It was my last day of vacation slash Jewish holidays before going back to work, and I had a bare minimum bar of moved-in-ness that I wanted to reach before I had to put on my Upper West Side work clothes vs. my moving into a new apartment work clothes. I also wanted to christen the kitchen (greens gratin, enchilada casserole, mixed berry right side up cake) and I also wanted to break down the cardboard boxes that were cluttering the living room. It was the first day in many that I wasn't lifting a ton of heavy boxes, and I think I felt more weary for having slowed down than for keeping going.

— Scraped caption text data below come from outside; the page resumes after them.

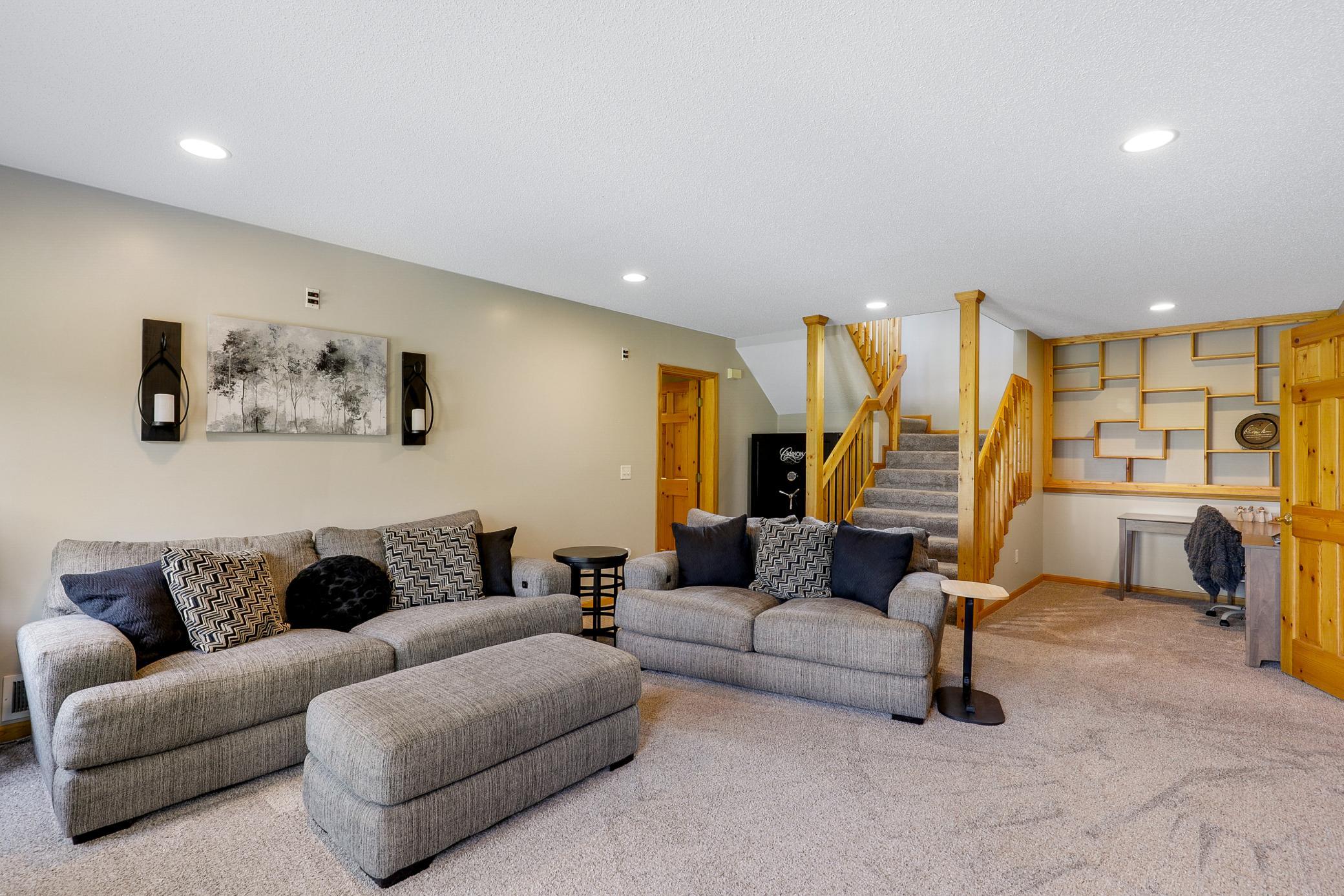 Secluded, 20‑Acre Estate with Room to Roam, Farm, Play, Hunt, and Entertain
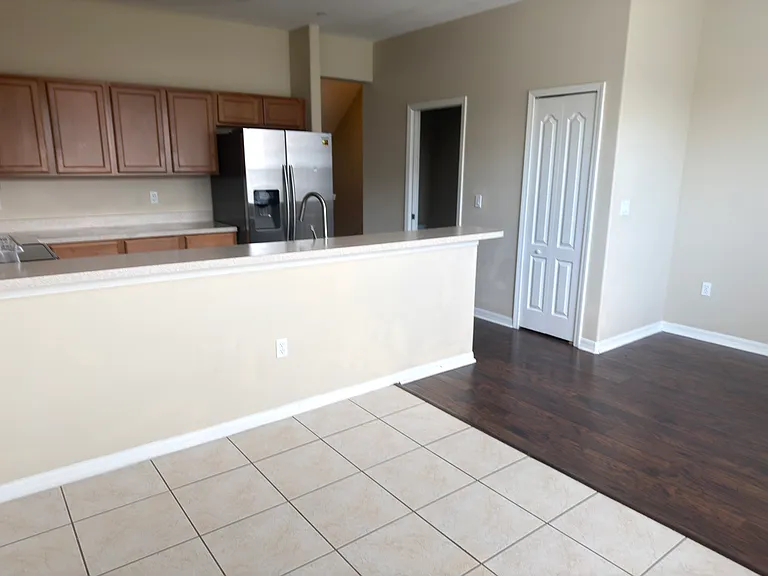 2536 Lexington Oak Dr — Photo 8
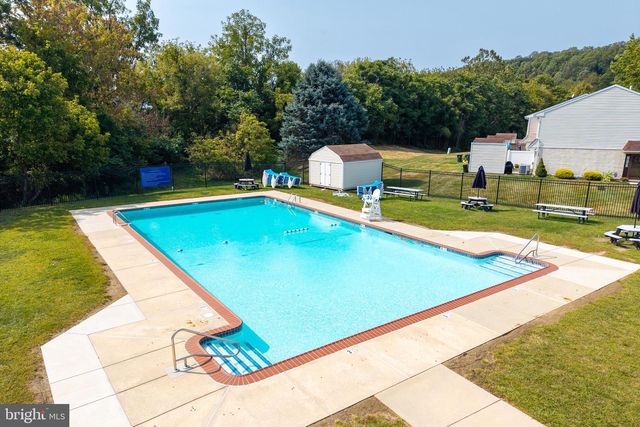 350 CARLYN CT, Downingtown, PA 19335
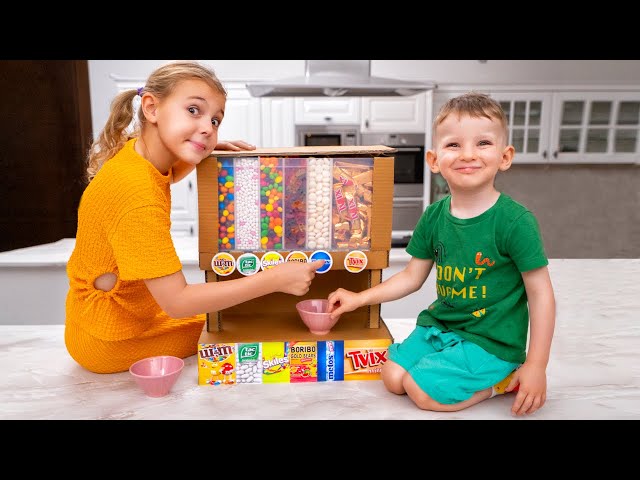 Five Kids | Daddy, give me sweets and more funny videos class=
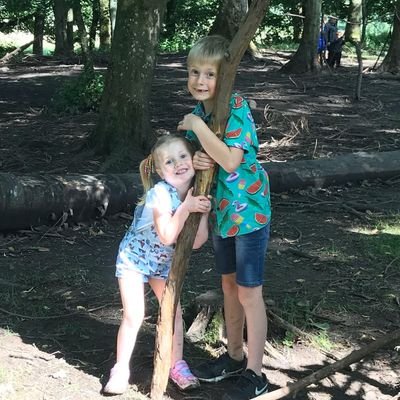 Profile Picture of MummyDickie (@MotherOfDickies) on Twitter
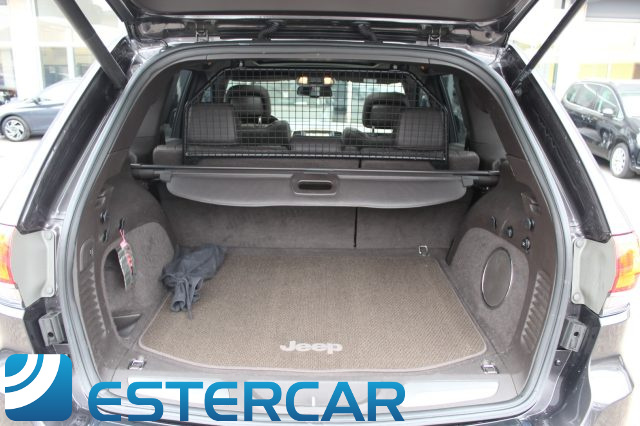 JEEP Grand Cherokee usata, con USB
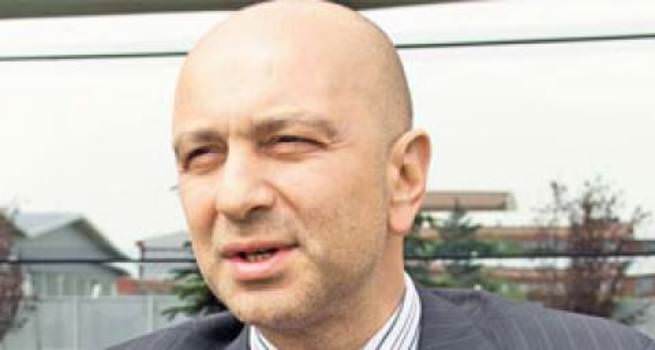 Akın İpek'in evinde arama!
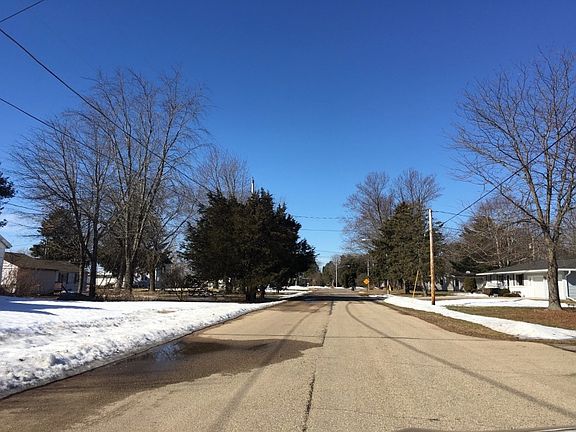 4th image of 305 2nd Ave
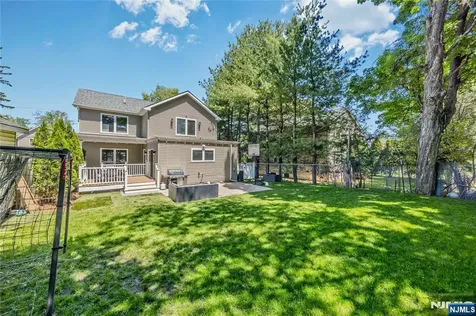 82 Monroe Avenue Cresskill NJ 07626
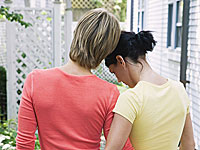 Лесбийская свадьба в Калифорнии: женятся две еврейки, одна из которых – дочь раввинов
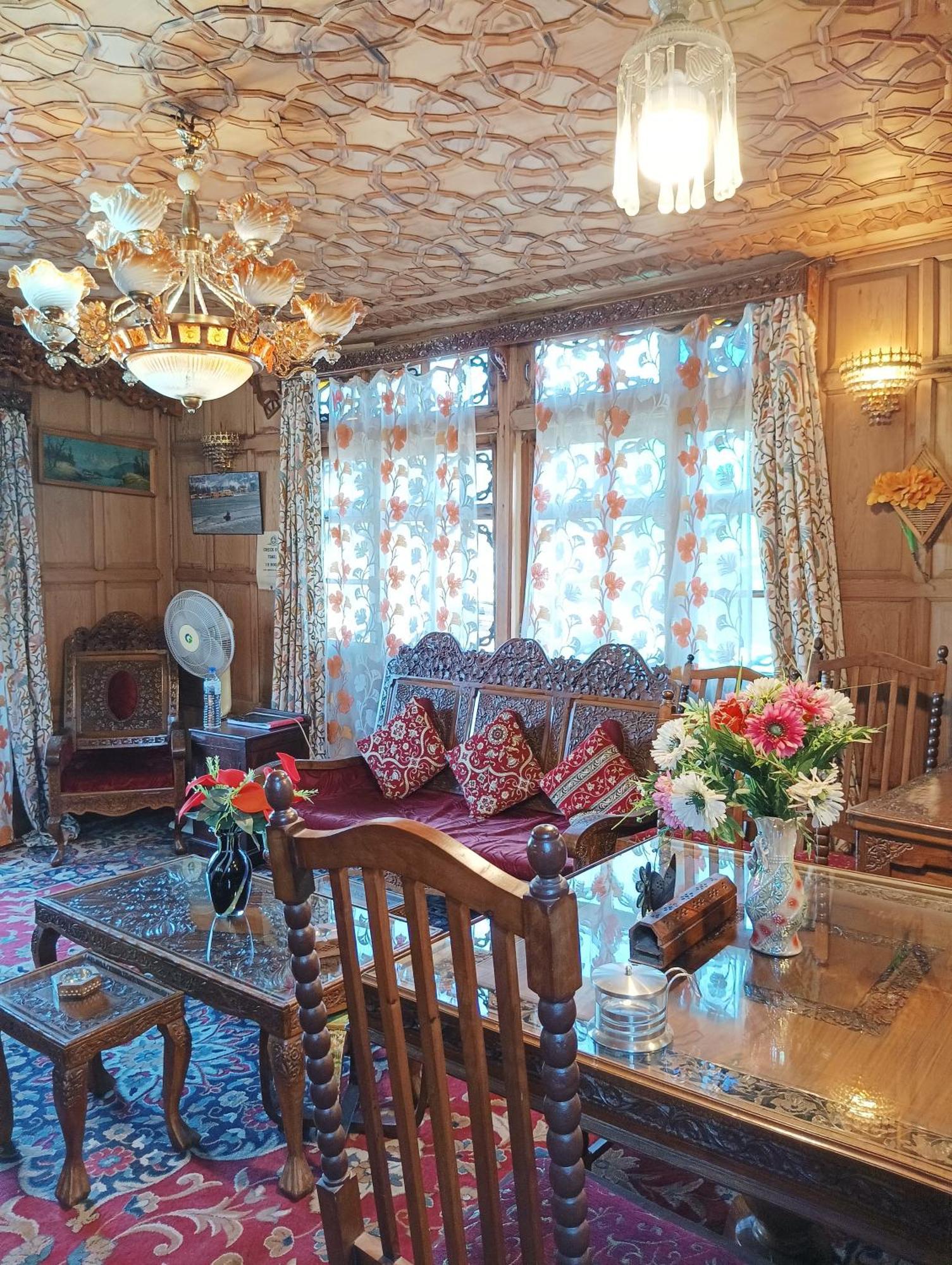 ホテル New Minar Group Of Houseboats Srīnagar エクステリア 写真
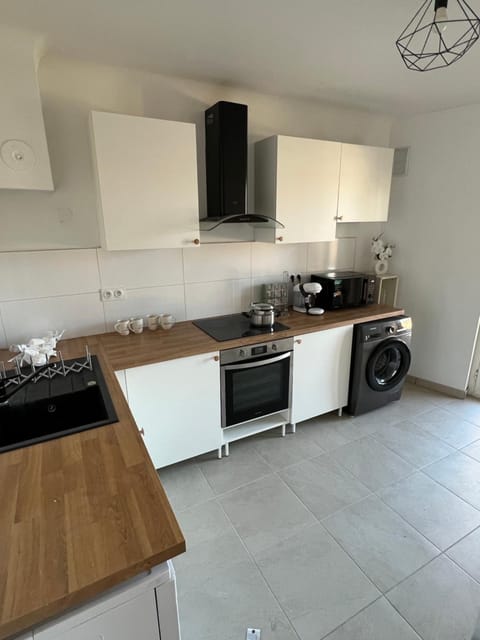 Kitchen or kitchenette, dishwasher, oven, pet friendly, stove, toaster, washing machine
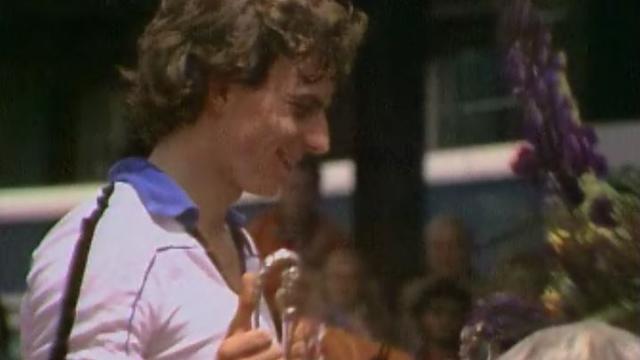 Le joueur de tennis Heinz Günthardt s'apprête à soulever le trophée de l'Open de tennis de Gstaad. [RTS]
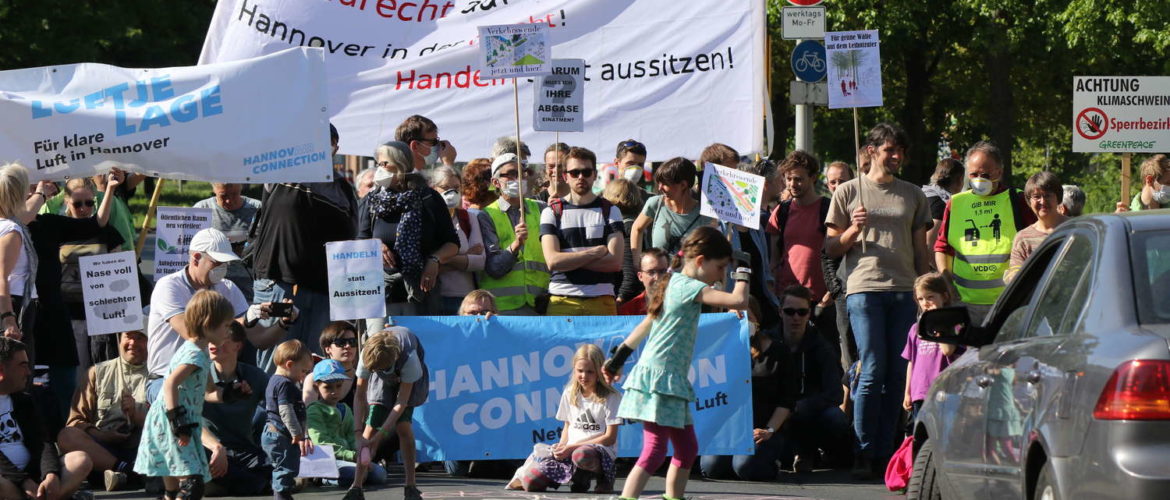 Blockade Leibnizufer durch die HannovAir Connection, Hannover, 2018
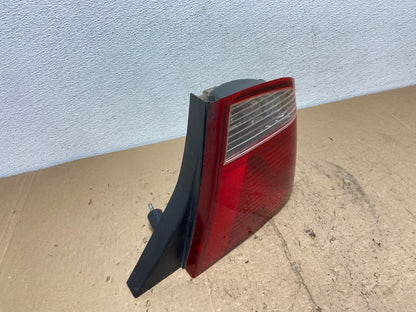 2005 2006 2007 Ford Focus Sedan Right Passenger Tail Light AC7331 LK2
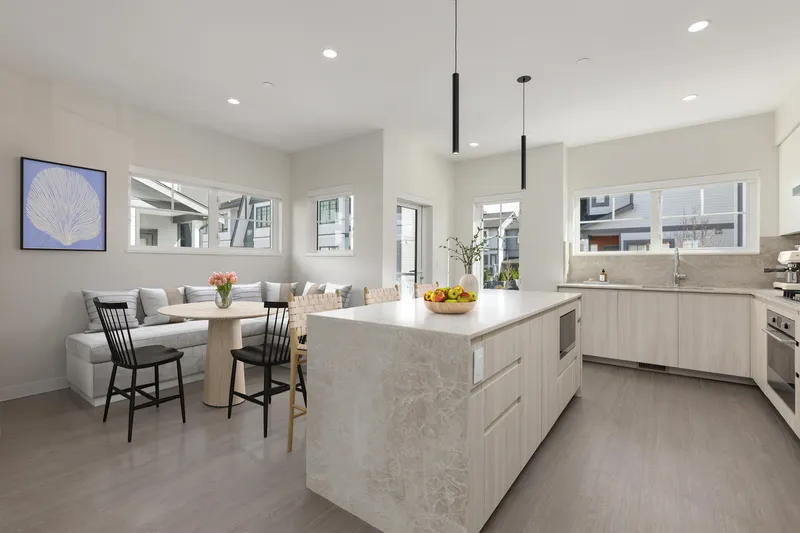 100 19451 SUTTON AVENUE - photo 2 of 18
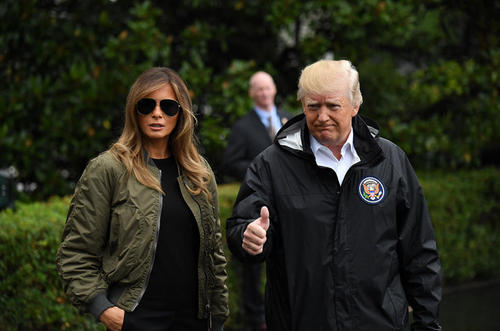 ترامپ و همسرش پیش از سفر به مناطق توفان زده و در محوطه چمن کاخ سفید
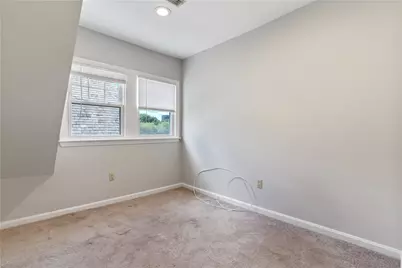 157 Irving Avenue, Providence, RI 02906 - Photo 20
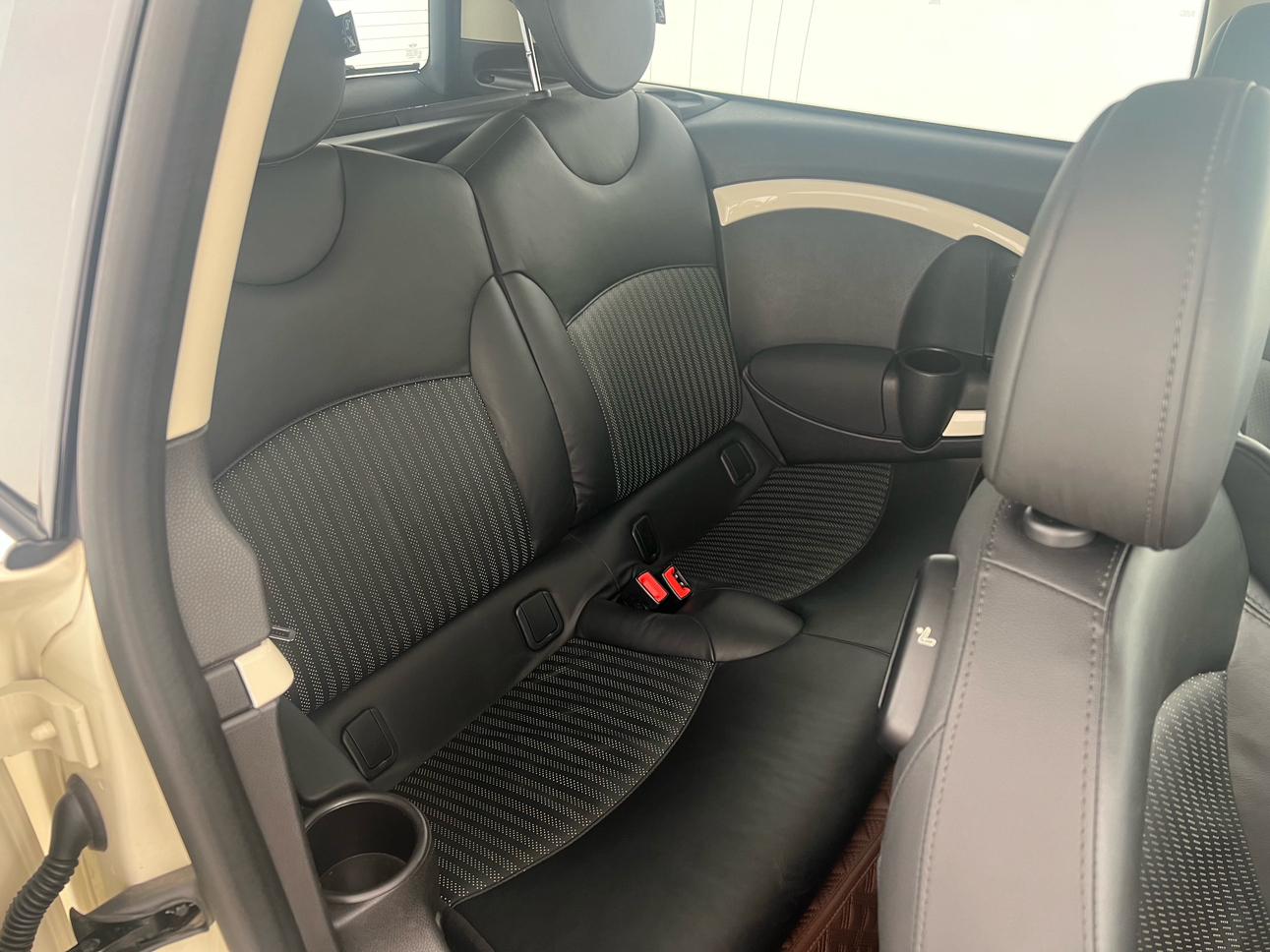 Mini Clubman 2013 thumb 7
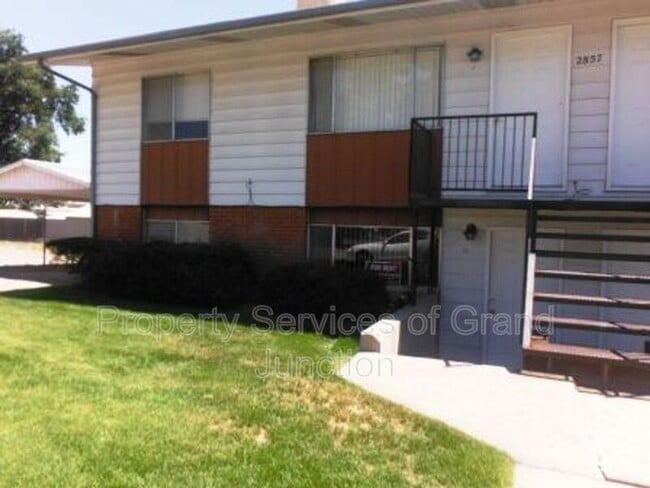 Building Photo - 2857 Elm Cir Unit 25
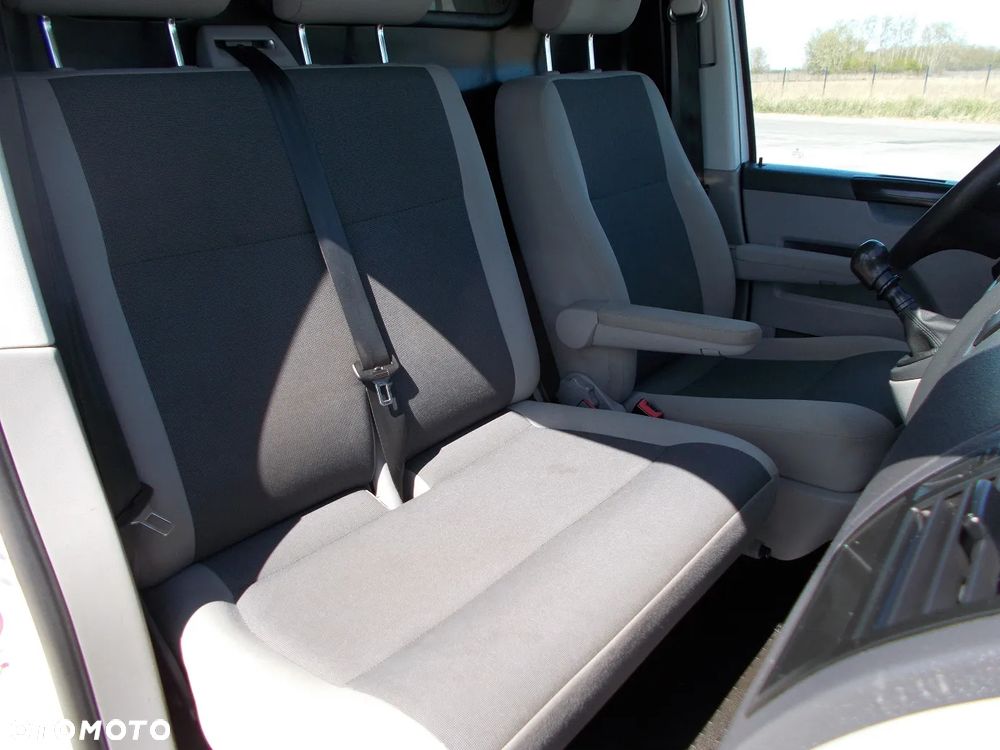 Volkswagen Transporter - 15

I unpacked a box that I had labeled Ancestral Radio -- intrigued, but unsure what I meant 2 years ago when I wrote that. Turns out it was my mom's Sony boom box radio/CD player that used to play in the background in her big open kitchen/living room. I plugged it in, turned it on, and it was already tuned to WNYC. I can't remember where I used it (I've stayed in 5 places in the two years since leaving Hoboken) but clearly I have already tuned in to local public radio. I left it on all day. BBC World Service, Brian Lehrer Show, Leonard Lopate, Fresh Air, The Takeaway, All Things Considered. I wasn't always in the same room with these shows, because I was working all over the house, but when I would dip in and join them, it brought me an incredible sense of home-being. I LOVE radio. With the exception of Jonathan Schwartz, I even love bad radio. Radio feels like company like TV can't. Radio can draw you completely in or can float to the background. Radio can be private or shared. Radio was all mine, all day.
(Hard to believe I've lived for so long without something I love so much.)